ASSIGNED TASK
Give back exactly the lines from the "Sandaler med fotbädd" line to the final line of the records, and only those, minus any pictures.

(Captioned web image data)
=-=-=-=-=
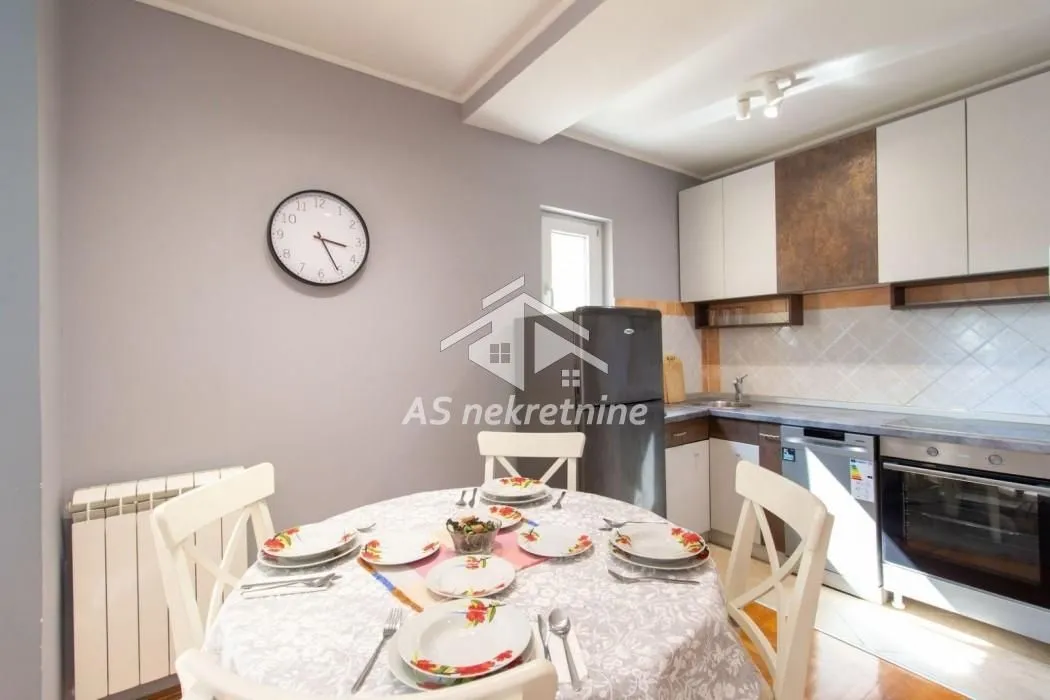 Rent, two bedroom apartment, 46m², Vračar Hram, Vračar Sve Podlokacije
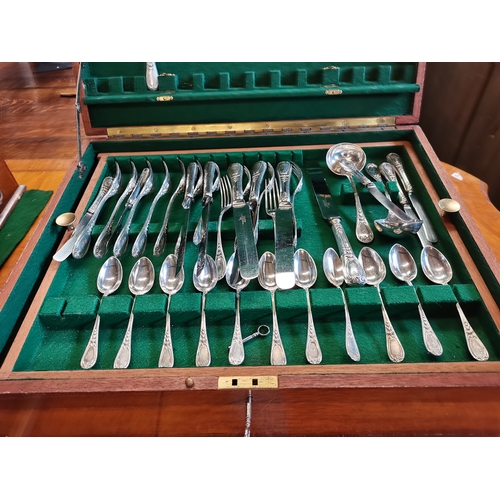 610 - 800 continental silver cutlery set in mahogany box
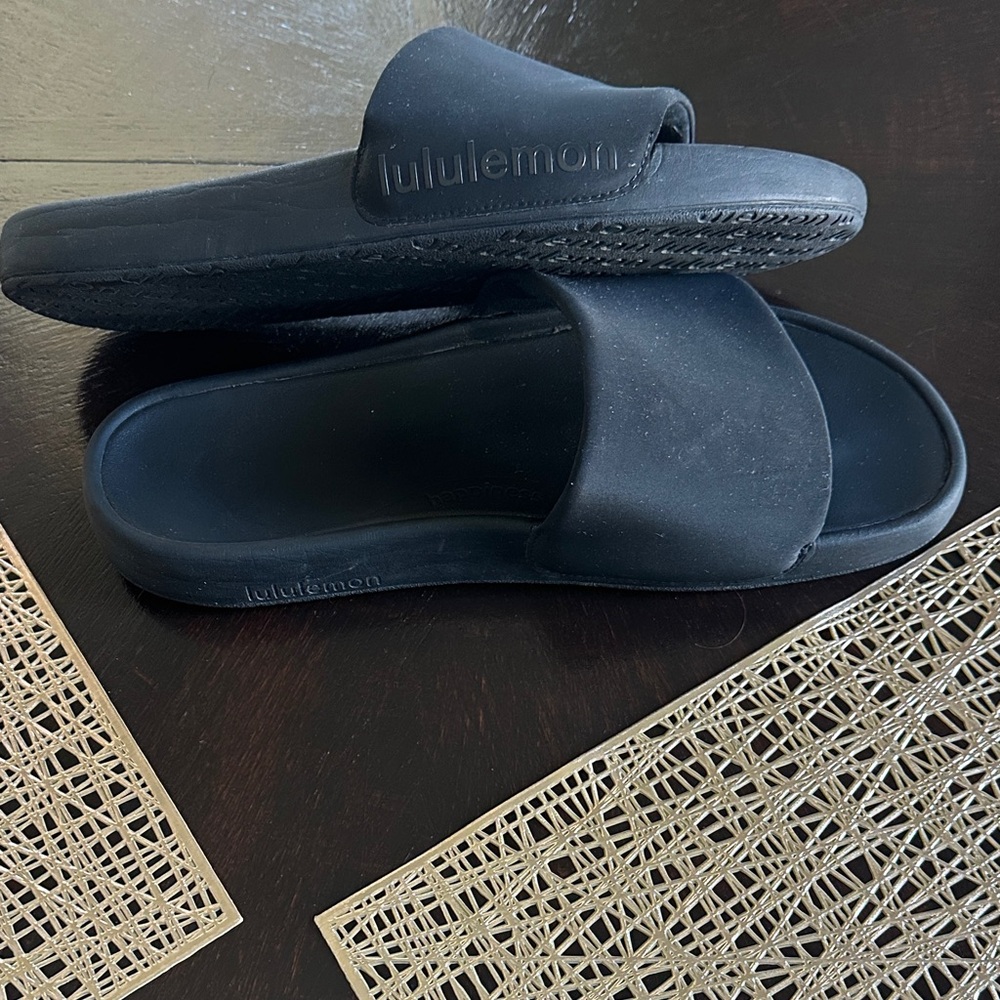 lululemon Black Slide Sandals size 11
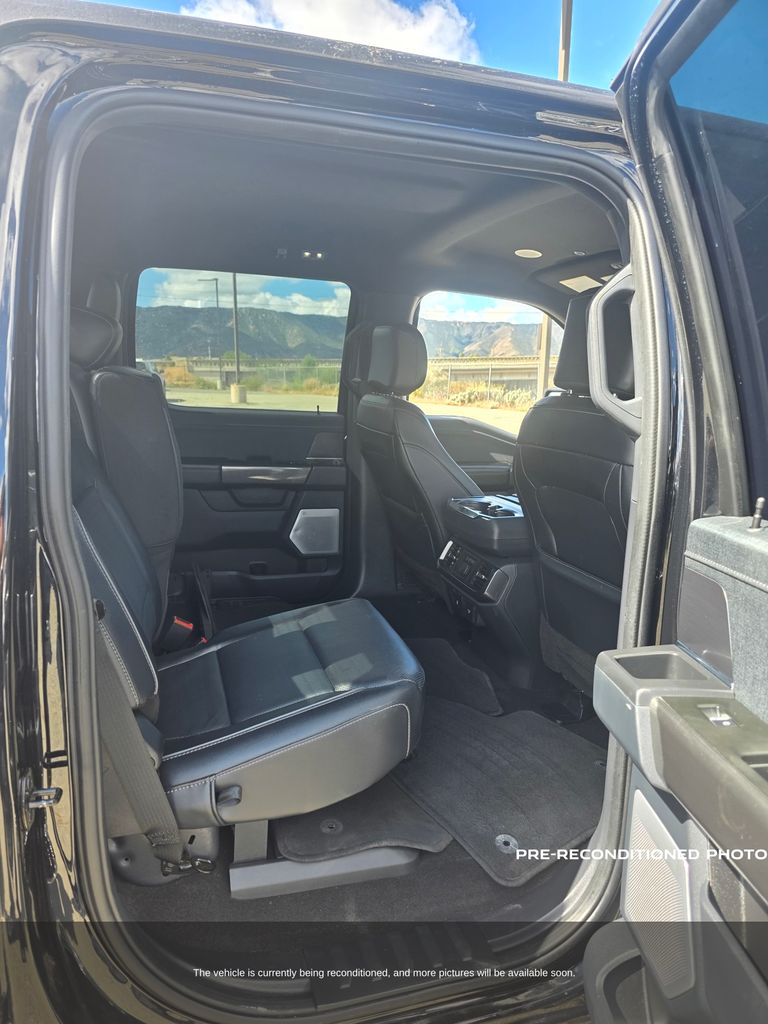 2023 Ford F-150 Lariat photo 3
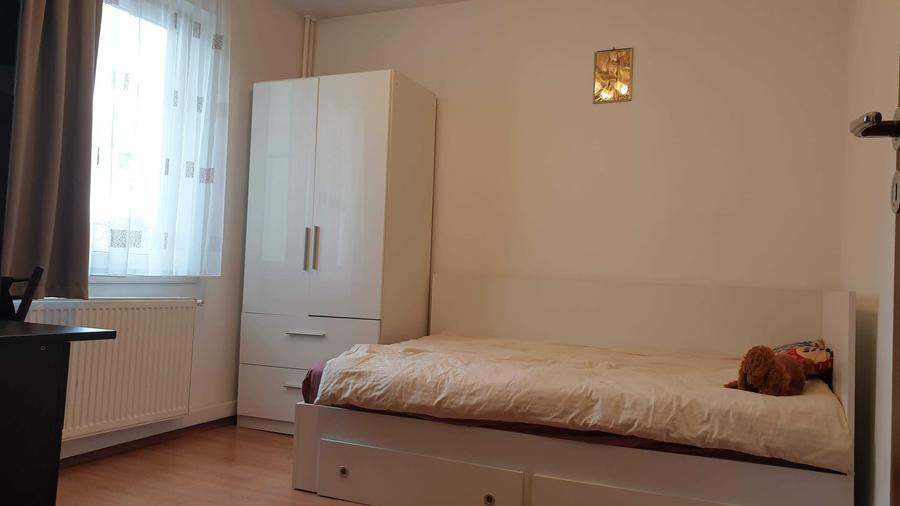 Apartament cu 3 camere decomandat în Rahova
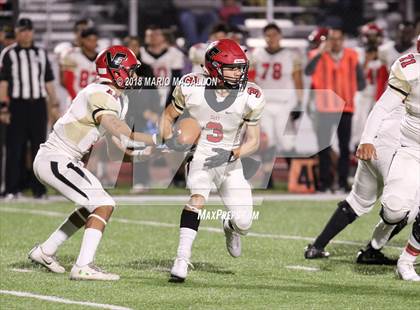 Thumbnail 2 in Victoria East vs Veterans Memorial (UIL 5A Bi-District Playoff) photogallery.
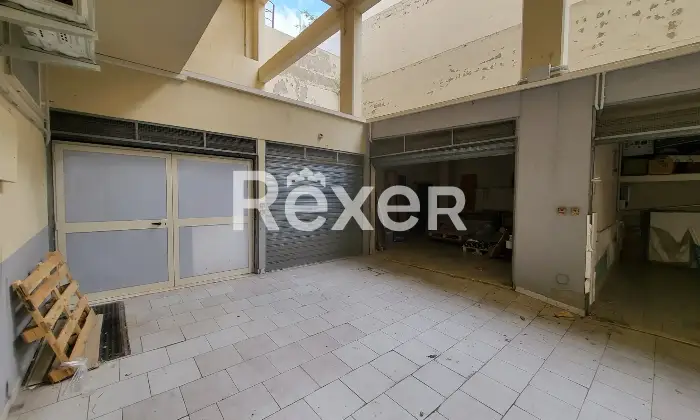 Rexer-Montescaglioso-Ampio-appartamento-con-tavernetta-terrazzo-e-garage-Montescaglioso-Box
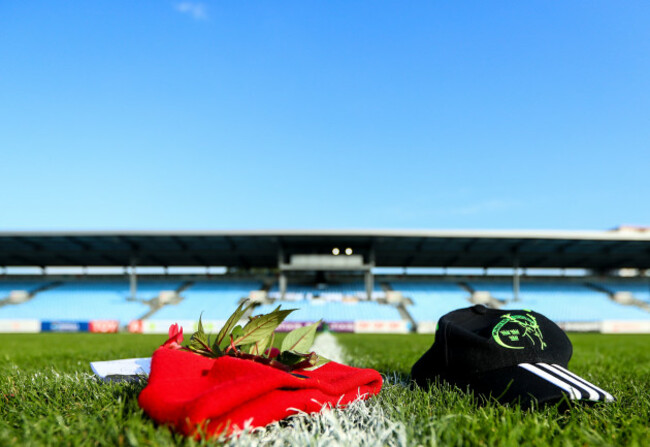 Munster fans gather to pay tribute to Anthony Foley the Munster assistant coach who passed away during the night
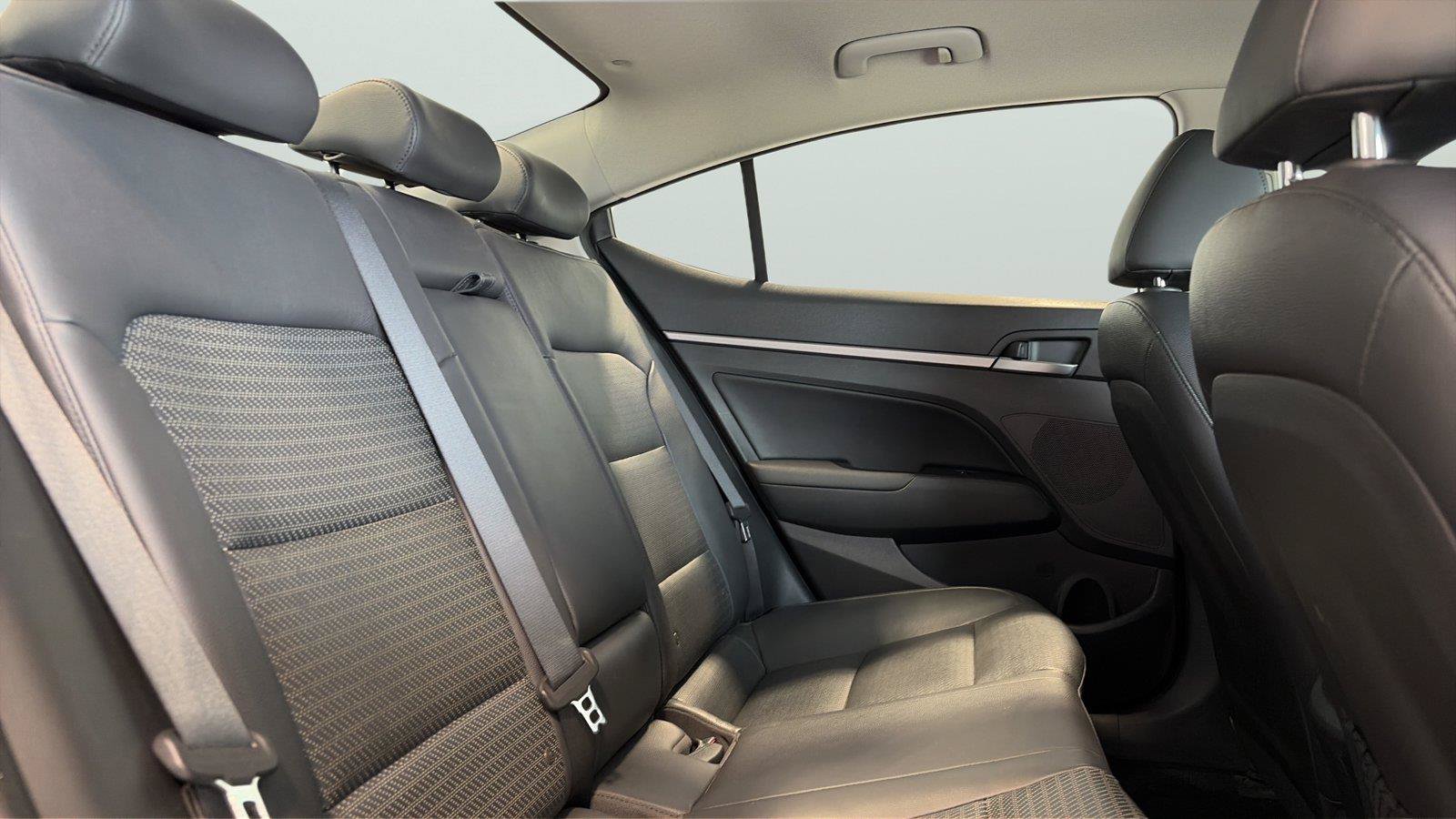 Used 2017 Hyundai Elantra Limited FWD image 15
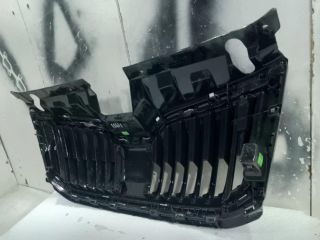 bontott SKODA OCTAVIA III Hűtőrács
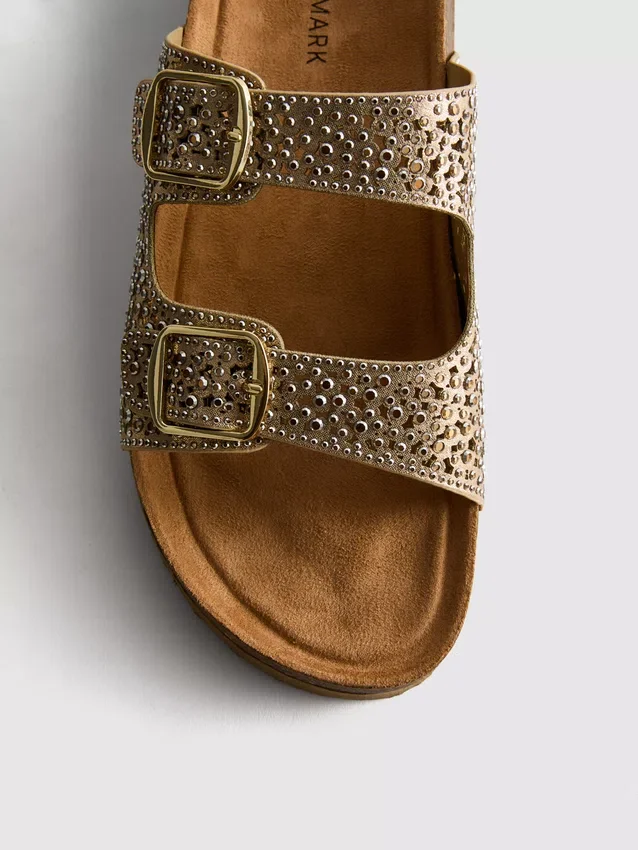 Sandaler med fotbädd och dubbla spännen samt dekorativa detaljer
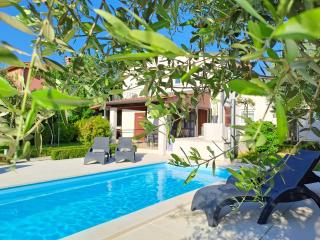 Villa Grace Felice for 8 people with private pool & only 2 km from the beach near Fazana - Valbandon - 8
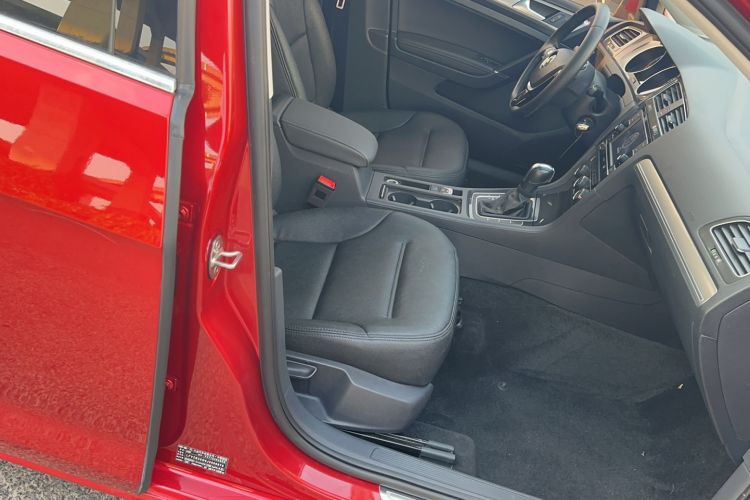 Used Volkswagen Golf 2018 1.6L Automatic Comfort Model Right Front Seat
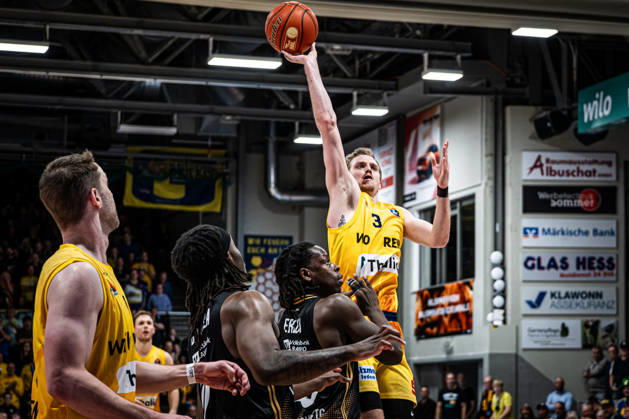 easyCredit BBL Phoenix Hagen vs. Basketball Löwen Braunschweig, Hagen, October 25, 2026, Ischelandhalle Hagen Adam Kunkel 3, Phoenix Hagen, SG easyCredit BBL Phoenix Hagen vs. Basketball Löwen Braunschweig, Hagen, October 25, 2026, Ischelandhalle Hagen Copyright: xBEAUTIFULxSPORTS Piepenstockx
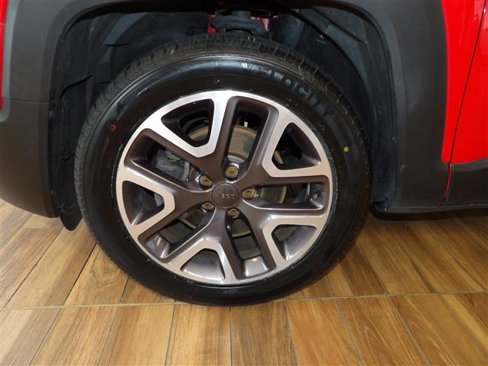 Used 2015 Jeep Renegade Latitude w/ Popular Equipment Group image 10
=-=-=-=-=
SOLVED PROBLEM
 Sandaler med fotbädd och dubbla spännen samt dekorativa detaljer
 Villa Grace Felice for 8 people with private pool & only 2 km from the beach near Fazana - Valbandon - 8
 Used Volkswagen Golf 2018 1.6L Automatic Comfort Model Right Front Seat
 easyCredit BBL Phoenix Hagen vs. Basketball Löwen Braunschweig, Hagen, October 25, 2026, Ischelandhalle Hagen Adam Kunkel 3, Phoenix Hagen, SG easyCredit BBL Phoenix Hagen vs. Basketball Löwen Braunschweig, Hagen, October 25, 2026, Ischelandhalle Hagen Copyright: xBEAUTIFULxSPORTS Piepenstockx
 Used 2015 Jeep Renegade Latitude w/ Popular Equipment Group image 10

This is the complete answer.